This is almost always safe, and will not waste computer time. Typically, it will ensure a parallel efficiency of at least 80%. This is of course a very unscientific and handwavy rule, but it has a certain pedagogical elegance, because it is easy to remember, and you don’t need to look up any other technical parameters.

Let’s now look into how you could make **a more accurate estimate**. VASP has three levels of parallelization: over k-points, over bands, and over plane-wave coefficients (or equivalently Fast-Fourier transforms). You need to ensure that when the work is split up over several compute nodes, there is a sufficient amount of work allocated to each processor core, otherwise, they will just spend time waiting for more work to arrive. The fundamental numbers to be aware of are therefore:

- The
**number of k-points** - The
**number of bands**(determined indirectly by the number of atoms and electrons) - The
**size of the basis set**(i.e. number of plane waves, which corresponds to the number of grid points in the FFTs).

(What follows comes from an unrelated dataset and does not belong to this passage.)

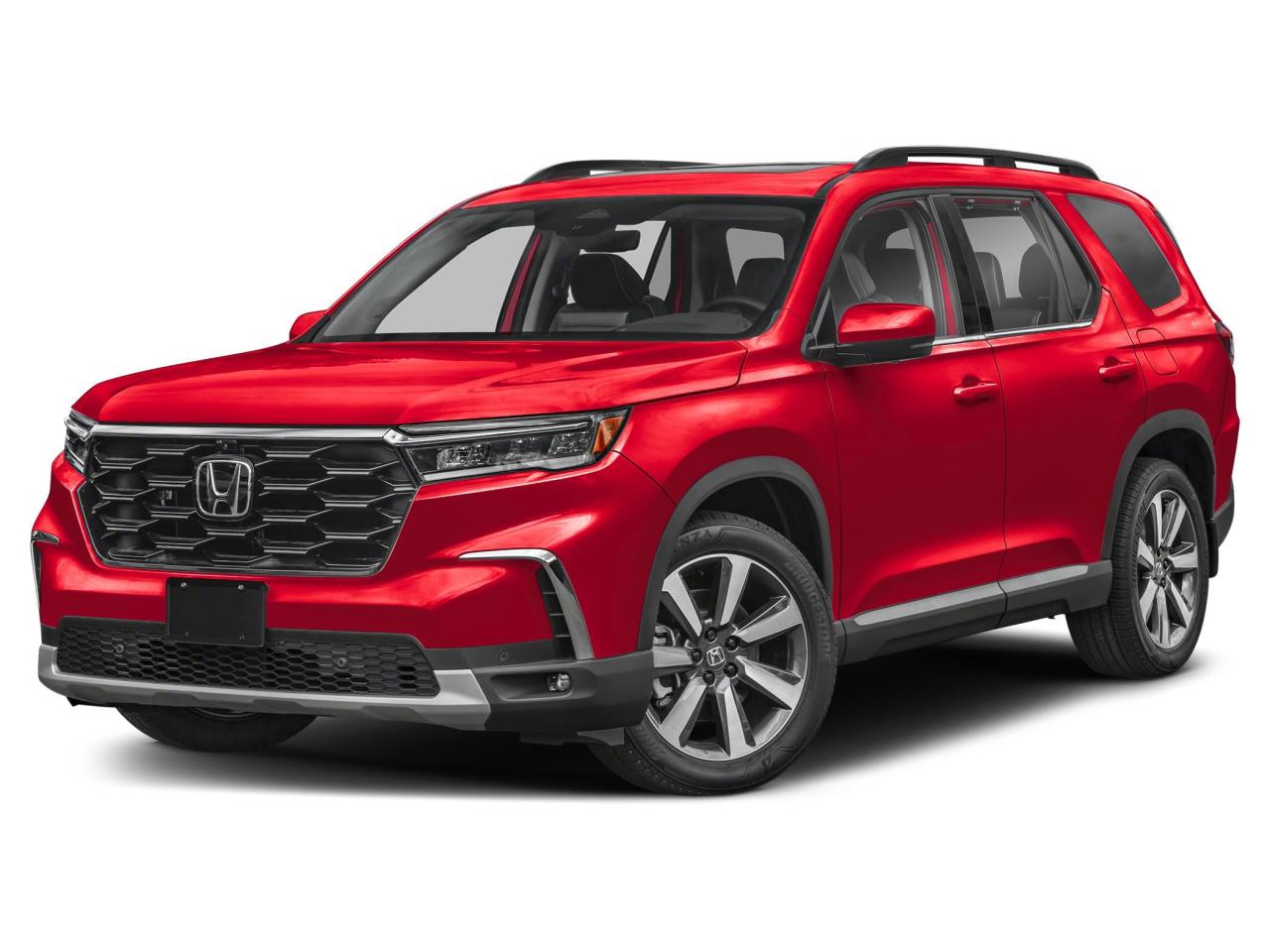 New 2025 Honda Pilot Touring for sale in Amherst, NS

If you can estimate, or derive these numbers for your calculation, you can more precisely guess a suitable number of cores to use.

## Bands and cores

The first step is to consider **the number of bands** (`NBANDS`

). VASP has parallelization over bands (controlled by the `NPAR`

tag). The ultimate limit is 1 band per core. So, for example, if you have 100 bands, you cannot run on more than 100 cores and expect it to work well. What I have seen, in my scaling tests, though, is that 1 band per core is too little work for a modern processor. You need to have at least 2 bands per core to reach more than 50% efficiency. **A conservative choice is 8 bands/core**. That will give you closer to 90% efficiency.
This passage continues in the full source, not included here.